There were stray cats roaming in my neighborhood.  This is how I started trapping for spaying/neutering and fostering.  A beautiful buff color medium hair young female with blue-green eyes.  Hanalei was a princess, sweet, easy-going, laid back.  Nothing bothered her.  She became part of my family. 

Next, I trapped a momma cat, who was very wild, and returned her outside after being spayed.  I trapped four of her five kittens (one got away never to return), and gave them “temporary” foster names–Six Toes (yes, she had six toes), Fluff, Red, and Fussbudget.  They required lots of time to socialize and tame them and I became very attached to them.  I tried to adopt them out or have a rescue or vet clinic take them, but three of them were too skittish to be handled by anyone but me.  I decided to also keep the only tame one, darling Six Toes. So, now I had seven cats and I was an official foster failure. 


raw feeding cats
Callie and Tiger, two lovebugs

Hawaii became my home, and that move was quite an ordeal, especially with pets.  Six Toes, Hanalei, Fluff and my dog Sierra went to Hawaii with me.

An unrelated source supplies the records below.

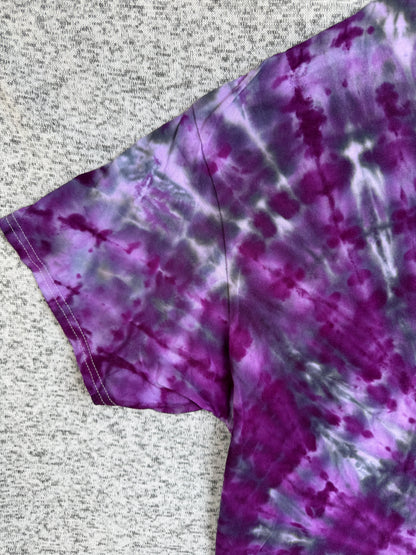 MHD Dark Purple Lavender Grey Black Spiral  Ice Dye Tie Dye Short Sleeve Shirt 100% Cotton Size XXL
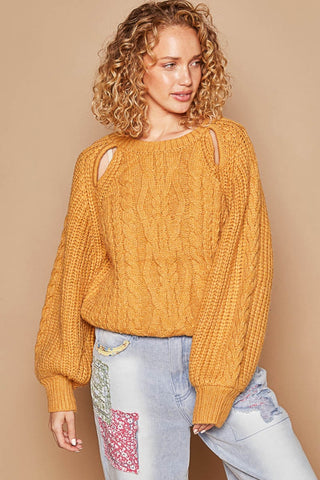 POL Cable Knit Cutout Long Sleeve Sweater Trendsi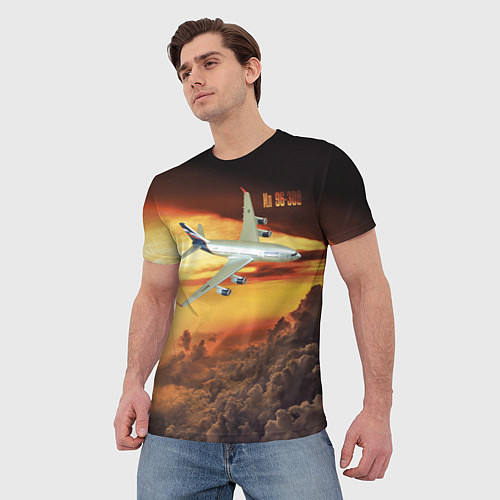 Мужская футболка Гражданский самолет Ил 96-300 / 3D-принт – фото 3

In Hawaii, there are many homeless dogs and cats.  I became a cat colony feeder for a non-profit called Hui Pono Holoholona (which means doing right by animals in Hawaiian).  They focused on TNRM–Trap, Neuter (and spay), Return, Manage (feed and care for the cat colony).  I started bringing home abandoned kittens and some adult cats. I tamed, fostered, adopted them out, and assisted at the surgery clinics.  Cried tears of sadness and happiness.

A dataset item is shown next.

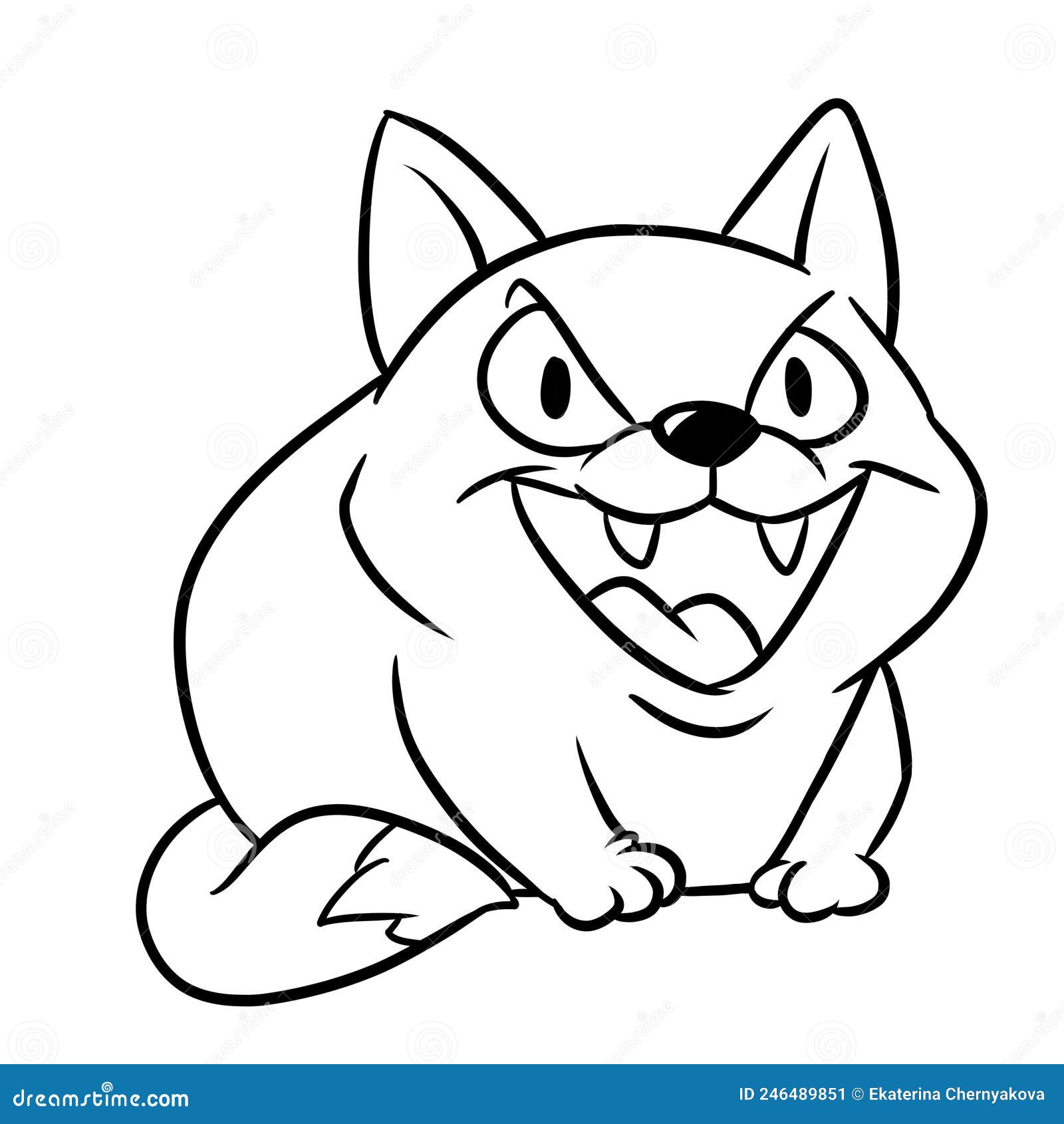Predator cat coloring page cartoon illustration stock illustration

In almost every case, the kittens would be sickly, anemic, full of fleas and starving.  With the assistance of my personal homeopath, I treated and healed most of them with natural products, bringing them to good health.  Cats came and went. 

Tiger became part of the family.  Tiger went from being on his death bed as a tiny, starving, sick, anemic kitten to a vibrant, healthy boy–using all natural products.  Callie and Maxwell would get frequent urinary tract infections and both healed using natural homeopathic remedies and improved diet.

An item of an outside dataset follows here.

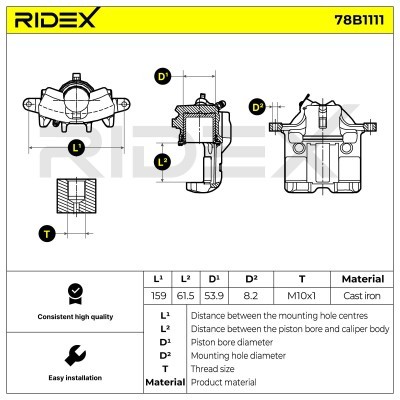 Brake Caliper RIDEX 78B1111 78B1111 - photo 6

I volunteered for an animal sanctuary, Rainbow Friends Animal Sanctuary. At their in-house cat “hospital,” I was given the opportunity to experiment with homeopathy to help the sick cats.  We witnessed some miracles.  I was so excited that the group exclusively used pine pellet litter, which I had been using for at least a decade.  Under my recommendation, we started using digestive enzymes for the sick cats with severe chronic diarrhea, which provided some help.  I urged them to try a grain-free dry cat food for the entire facility, and we noticed a decrease in the diarrhea and an increase in the quality of the cats’ fur. (Note: while I don’t recommend dry cat food, most rescues have very limited funds and must use dry food. In these situations, grain-free is a better choice.)

raw feeding cats
Edgar aka “Eddie”

In 2013, I returned to California, minus some cats and with a few extra other cats.   My new neighborhood had it’s share of community cats well cared for by residents.  Cats were abandoned and wandered in to find food.  I had trapped a few for spaying and neutering, found homes for kittens, rehabilitated a scraggly Siamese into a beauty, and adopted Edgar.  Edgar was a crazed, wild, nasty un-neutered tomcat. After being neutered, he turned into a sweet, loving, funny man who is perfectly content living safe and sound indoors





It is to whole-heartedly use my vast experience, trial and error, and knowledge to inspire and help you, the cat lover — whether cat parents, fosters, rescue groups, volunteers — provide a  natural healthy lifestyle and healing for your cats with the ability to thrive and overcome health problems.

Disclaimer: I am not a veterinarian or formally trained animal practitioner. I have acquired natural cat health knowledge through decades of: self-education, trial and error, research, experience working with holistic animal practitioners, and the guidance of my personal homeopath.